[Recorded data Boundary: Start]
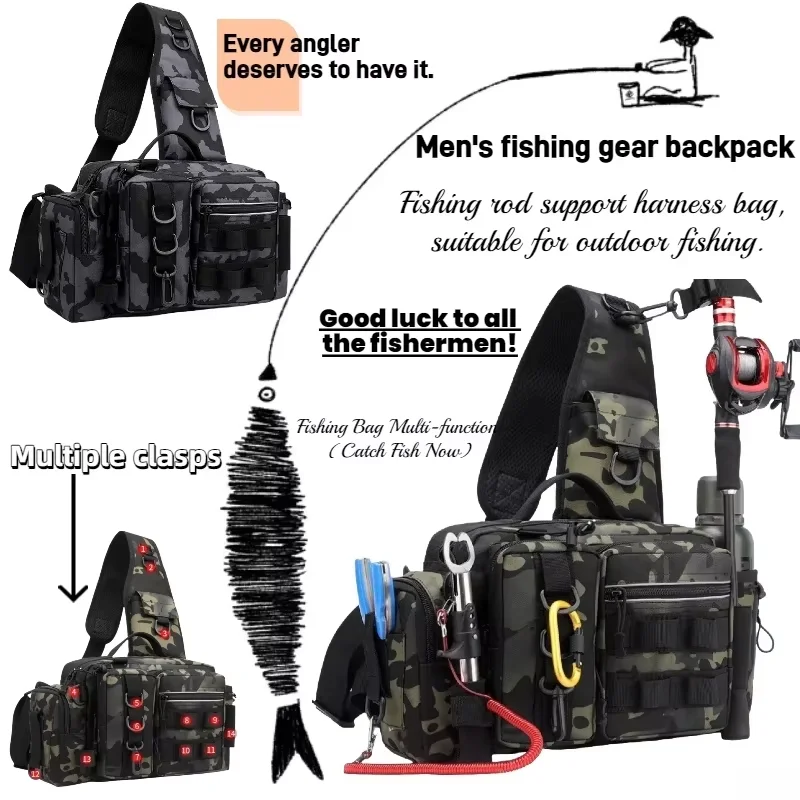 Sac de pêche en plein air, ave - Outdoor Hunting Place avis et prix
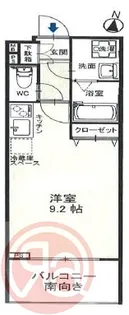 ブラン靭公園【4階】の間取り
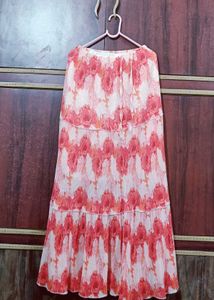 Floral Print Ethnic Skirt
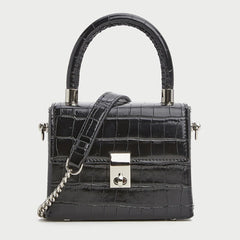 Crocodile Pattern Small Square Bag Single Shoulder Messenger Bag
[Recorded data Boundary: End]
▸ Task
Quote all the lines above exactly as given. Do not include the pictures.

▸ Task response
 Sac de pêche en plein air, ave - Outdoor Hunting Place avis et prix
 ブラン靭公園【4階】の間取り
 Floral Print Ethnic Skirt
 Crocodile Pattern Small Square Bag Single Shoulder Messenger Bag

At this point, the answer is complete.